I want to thank all of you for giving me such a warm welcome on 1 April 2009 when I started as the President of Aalto University. I hope that a similar team spirit will characterise our cooperation in the future, too.

Exchanging ideas is a prerequisite for all successful interaction: we cannot work together unless we understand each other’s motivation, experiences and dreams. As the President of Aalto, I have promised to listen to and take into account the opinions of the staff and students. To provide a forum for this dialogue, I will now launch a monthly President’s Blog, where I will discuss topics arising from your feedback and other issues concerning our university.

The establishment of Aalto University is a bold venture, which will change the face of the Finnish academic world. Why did we embark on it? The constant changes in the surrounding world both pressures and enables us to change the structures of society.

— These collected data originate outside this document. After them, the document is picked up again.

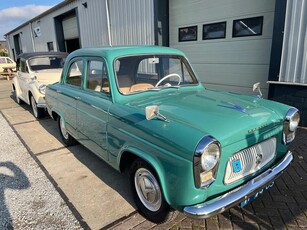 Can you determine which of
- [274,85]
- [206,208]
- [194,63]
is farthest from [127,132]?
[194,63]

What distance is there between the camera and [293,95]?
510cm

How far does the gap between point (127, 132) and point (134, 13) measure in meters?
7.41

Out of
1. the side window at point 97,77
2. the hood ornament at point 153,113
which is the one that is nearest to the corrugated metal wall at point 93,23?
the side window at point 97,77

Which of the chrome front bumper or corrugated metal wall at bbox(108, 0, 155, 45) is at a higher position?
corrugated metal wall at bbox(108, 0, 155, 45)

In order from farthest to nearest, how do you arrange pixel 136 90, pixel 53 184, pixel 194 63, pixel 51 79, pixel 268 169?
1. pixel 194 63
2. pixel 51 79
3. pixel 53 184
4. pixel 136 90
5. pixel 268 169

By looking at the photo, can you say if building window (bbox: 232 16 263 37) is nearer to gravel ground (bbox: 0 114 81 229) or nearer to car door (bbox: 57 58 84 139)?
car door (bbox: 57 58 84 139)

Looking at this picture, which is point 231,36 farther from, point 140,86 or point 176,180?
point 176,180

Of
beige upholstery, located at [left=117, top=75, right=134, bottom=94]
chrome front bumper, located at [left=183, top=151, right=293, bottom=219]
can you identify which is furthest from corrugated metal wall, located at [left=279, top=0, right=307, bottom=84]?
beige upholstery, located at [left=117, top=75, right=134, bottom=94]

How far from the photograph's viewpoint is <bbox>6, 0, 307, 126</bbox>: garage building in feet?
16.3

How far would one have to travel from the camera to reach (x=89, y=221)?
2682 millimetres

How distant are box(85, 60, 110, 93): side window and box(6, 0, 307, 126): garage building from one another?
3.83 meters

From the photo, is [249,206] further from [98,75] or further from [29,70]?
[29,70]

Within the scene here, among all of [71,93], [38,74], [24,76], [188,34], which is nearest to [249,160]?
[71,93]

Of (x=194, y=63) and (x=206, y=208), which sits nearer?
(x=206, y=208) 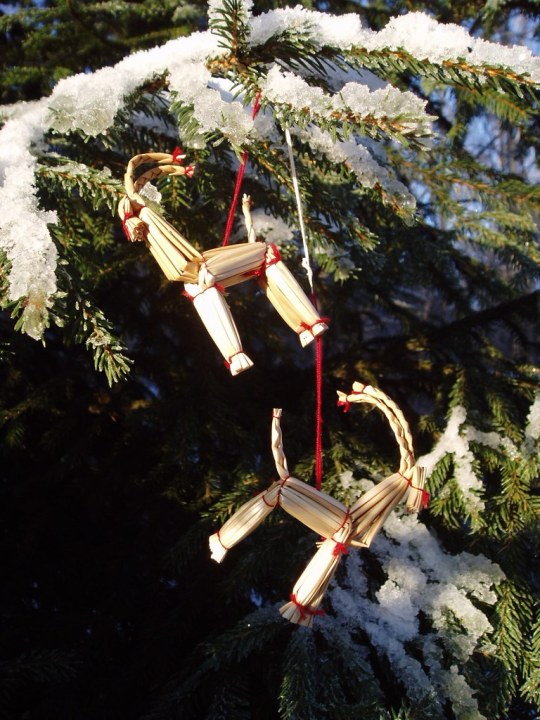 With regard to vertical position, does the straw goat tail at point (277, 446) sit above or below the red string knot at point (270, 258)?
below

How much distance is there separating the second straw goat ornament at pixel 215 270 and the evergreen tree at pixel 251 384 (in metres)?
0.12

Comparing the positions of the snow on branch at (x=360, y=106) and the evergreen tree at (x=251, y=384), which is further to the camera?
the evergreen tree at (x=251, y=384)

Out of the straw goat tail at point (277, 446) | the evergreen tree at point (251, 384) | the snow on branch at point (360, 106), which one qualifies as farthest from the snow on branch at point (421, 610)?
the snow on branch at point (360, 106)

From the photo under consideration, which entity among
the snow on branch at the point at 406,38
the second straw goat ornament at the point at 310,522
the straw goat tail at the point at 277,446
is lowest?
the second straw goat ornament at the point at 310,522

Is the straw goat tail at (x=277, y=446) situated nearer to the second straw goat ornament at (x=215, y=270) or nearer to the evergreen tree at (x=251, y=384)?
the second straw goat ornament at (x=215, y=270)

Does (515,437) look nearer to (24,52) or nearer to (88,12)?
(88,12)

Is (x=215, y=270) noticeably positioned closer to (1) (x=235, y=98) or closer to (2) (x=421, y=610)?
(1) (x=235, y=98)

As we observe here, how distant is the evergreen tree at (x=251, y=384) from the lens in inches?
34.1

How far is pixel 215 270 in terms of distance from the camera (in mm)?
767

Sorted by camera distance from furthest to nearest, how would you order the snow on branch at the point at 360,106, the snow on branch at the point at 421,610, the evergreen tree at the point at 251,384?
1. the snow on branch at the point at 421,610
2. the evergreen tree at the point at 251,384
3. the snow on branch at the point at 360,106

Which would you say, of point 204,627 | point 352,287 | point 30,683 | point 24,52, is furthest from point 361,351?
point 24,52

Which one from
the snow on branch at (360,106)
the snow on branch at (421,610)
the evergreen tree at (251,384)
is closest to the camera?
the snow on branch at (360,106)

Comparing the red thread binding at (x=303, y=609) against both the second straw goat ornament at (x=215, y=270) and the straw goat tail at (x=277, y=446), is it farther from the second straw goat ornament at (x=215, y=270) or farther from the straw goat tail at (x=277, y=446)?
the second straw goat ornament at (x=215, y=270)

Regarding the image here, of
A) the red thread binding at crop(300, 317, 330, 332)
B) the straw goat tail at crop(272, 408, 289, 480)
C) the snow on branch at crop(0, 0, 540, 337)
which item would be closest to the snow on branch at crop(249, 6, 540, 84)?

The reform of the European higher education systems aims at intensifying international cooperation and facilitating the mobility of expertise. Unlike, for instance, in Asia, the share of young people in the Finnish population is ever-decreasing - and our aging population needs new kinds of services.

Our traditional manufacturing industries are struggling and relocating their operations to other countries. To make up for the jobs lost in these industries, we need businesses based on new kind of expertise.

Today, satisfying the national needs for expertise requires innovation founded on basic research, cooperation between various actors and sectors and the adoption of a multinational approach. To address climate change and the ever-worsening waste problems, we need to take sustainable development as a shared goal.

In other words, the current need for renewal does not spring from prior failure; all the schools of the future Aalto University are internationally recognised experts in their fields. Instead, the change we are now undergoing is an opportunity for us to meet new challenges as described above.

It has become evident that a multidisciplinary approach and cross-disciplinary cooperation bring about new ways of thinking and stimulate innovation. Working together towards a common goal in teams of experts with very different backgrounds is inspiring and rewarding; exploring the interfaces between disciplines leads to unexpected results, and the surprises lead to new discoveries.

I have already had a chance to see the benefits of combining the viewpoints of science, arts and business even in my own work. Such cooperation does not undermine the importance of any party involved. Rather, the different fields complement and inspire each other, leading to new forms of expertise. To reach our ambitions goals, we also need our highly skilled support staff that contributes to this change.

Universities foster culture and education and represent an essential driving force of progress; we have to lead the way towards sustainable development at all levels. Let our broad goal be ‘a good life’; to define it more precisely, we need to engage in constructive discussion on the values of the University.